## WORK ITEM
Note on the material below: return exactly the lines from the line that holds "Here we see" through the line that holds "Here again is", and leave out each picture.

## DATA FOR PROCESSING

◇ ◇ ◇ ◇ ◇ ◇ ◇

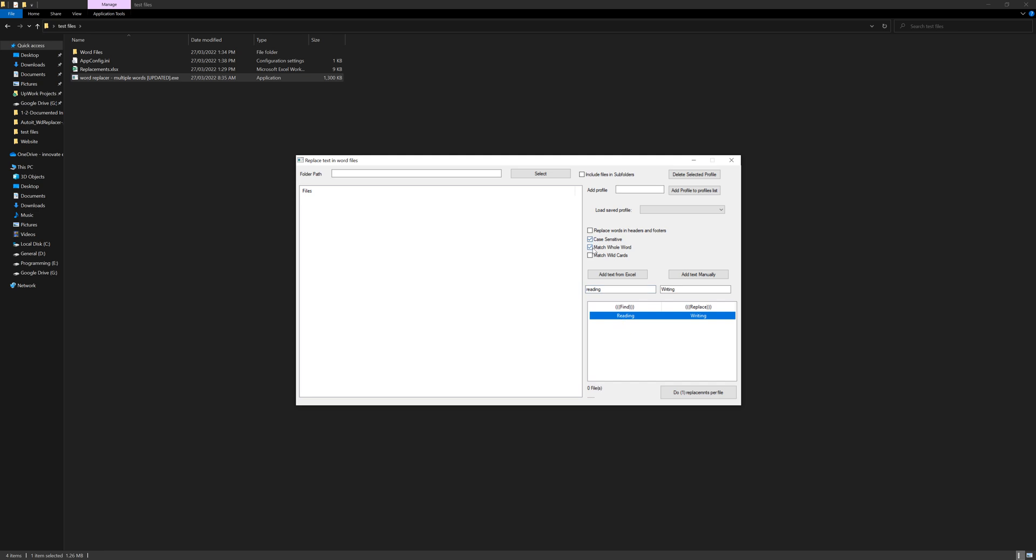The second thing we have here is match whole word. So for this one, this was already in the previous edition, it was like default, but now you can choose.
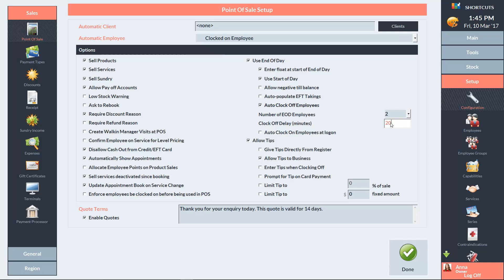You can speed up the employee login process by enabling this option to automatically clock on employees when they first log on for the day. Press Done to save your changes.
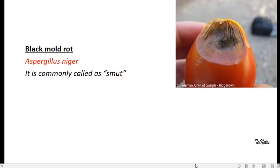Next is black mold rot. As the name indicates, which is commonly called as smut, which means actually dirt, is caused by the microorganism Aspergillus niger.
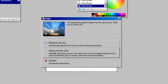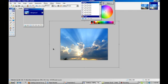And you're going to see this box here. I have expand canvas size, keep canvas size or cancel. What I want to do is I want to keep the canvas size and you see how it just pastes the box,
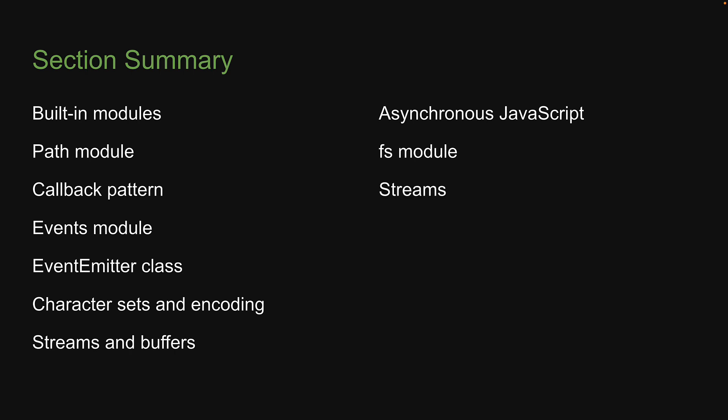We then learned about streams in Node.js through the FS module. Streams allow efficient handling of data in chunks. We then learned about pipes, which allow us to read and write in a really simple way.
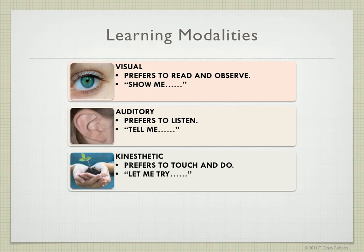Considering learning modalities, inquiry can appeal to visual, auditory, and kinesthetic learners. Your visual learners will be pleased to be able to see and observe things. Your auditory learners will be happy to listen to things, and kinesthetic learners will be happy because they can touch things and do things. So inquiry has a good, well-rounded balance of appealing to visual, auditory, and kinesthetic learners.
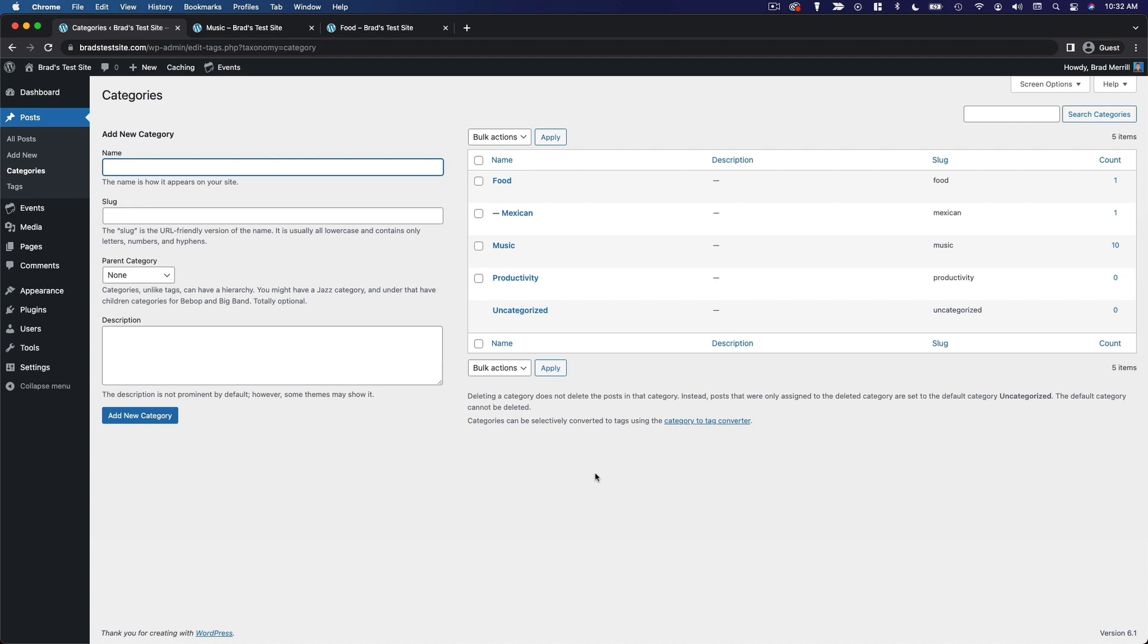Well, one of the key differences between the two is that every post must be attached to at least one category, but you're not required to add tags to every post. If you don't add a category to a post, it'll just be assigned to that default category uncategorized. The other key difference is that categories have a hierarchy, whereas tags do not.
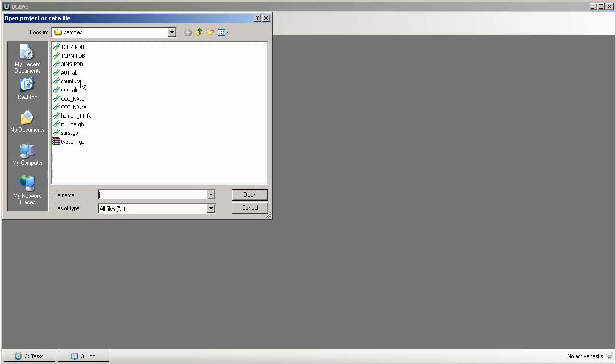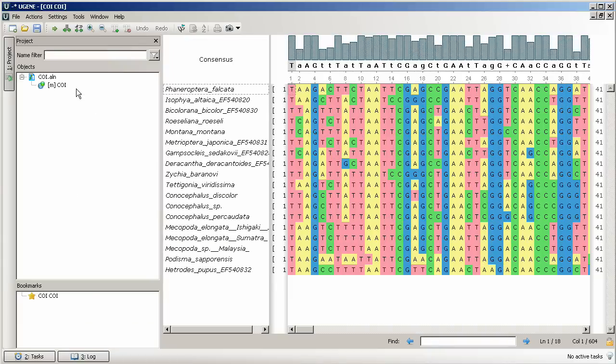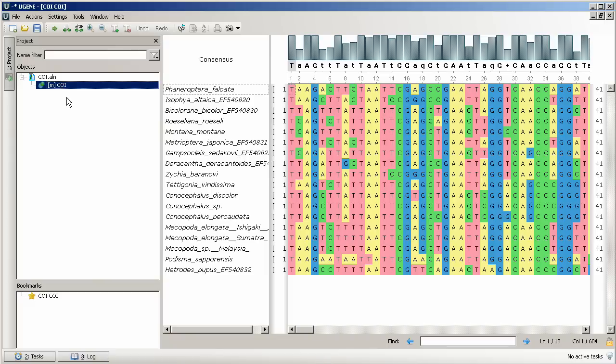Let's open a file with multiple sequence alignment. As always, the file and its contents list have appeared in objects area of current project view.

◇ ◇ ◇ ◇ ◇ ◇ ◇

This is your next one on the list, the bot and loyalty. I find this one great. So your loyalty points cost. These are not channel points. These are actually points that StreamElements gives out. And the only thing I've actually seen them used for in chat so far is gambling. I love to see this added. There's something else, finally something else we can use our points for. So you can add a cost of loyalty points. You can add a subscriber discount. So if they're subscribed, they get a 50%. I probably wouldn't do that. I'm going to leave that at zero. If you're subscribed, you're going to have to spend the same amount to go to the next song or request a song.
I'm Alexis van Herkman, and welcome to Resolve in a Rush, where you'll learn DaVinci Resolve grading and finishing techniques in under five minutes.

◇ ◇ ◇ ◇ ◇ ◇ ◇

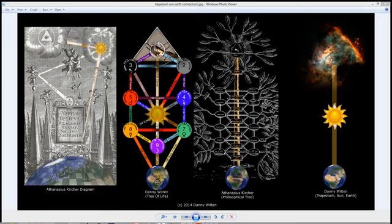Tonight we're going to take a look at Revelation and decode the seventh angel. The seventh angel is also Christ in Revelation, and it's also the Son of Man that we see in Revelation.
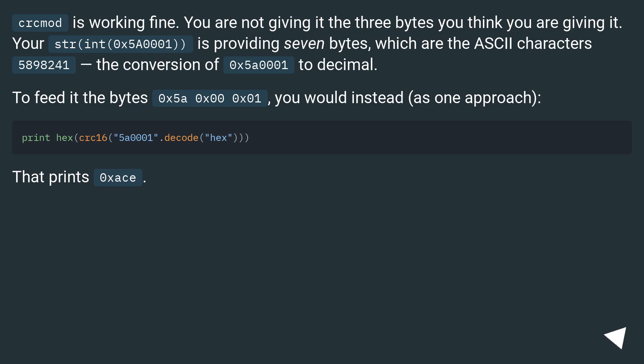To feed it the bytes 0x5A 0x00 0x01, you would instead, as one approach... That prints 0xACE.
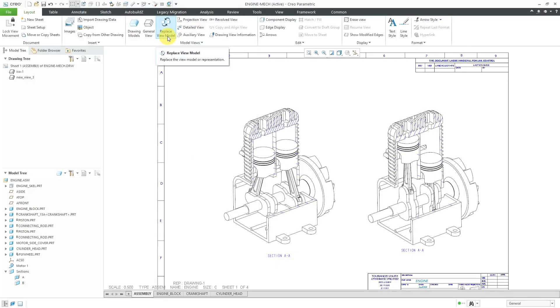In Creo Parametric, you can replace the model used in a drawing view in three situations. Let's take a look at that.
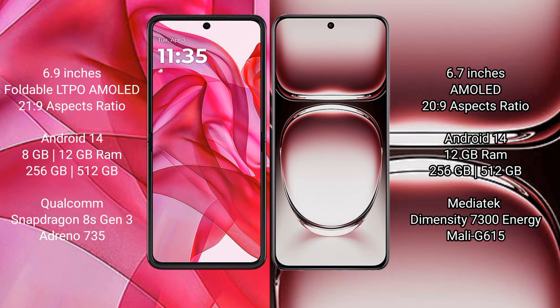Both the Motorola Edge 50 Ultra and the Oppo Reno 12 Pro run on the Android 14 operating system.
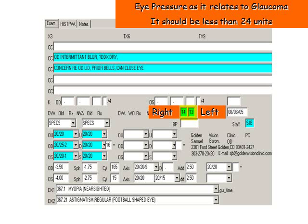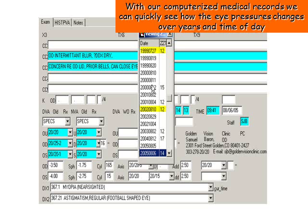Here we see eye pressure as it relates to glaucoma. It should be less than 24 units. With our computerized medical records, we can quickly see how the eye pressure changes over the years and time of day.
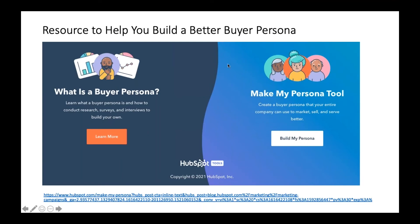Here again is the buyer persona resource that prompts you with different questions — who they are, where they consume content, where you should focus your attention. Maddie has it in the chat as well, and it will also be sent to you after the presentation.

◇ ◇ ◇ ◇ ◇ ◇ ◇

## EXERCISE OUTPUT
Here we see eye pressure as it relates to glaucoma. It should be less than 24 units. With our computerized medical records, we can quickly see how the eye pressure changes over the years and time of day.
Here again is the buyer persona resource that prompts you with different questions — who they are, where they consume content, where you should focus your attention. Maddie has it in the chat as well, and it will also be sent to you after the presentation.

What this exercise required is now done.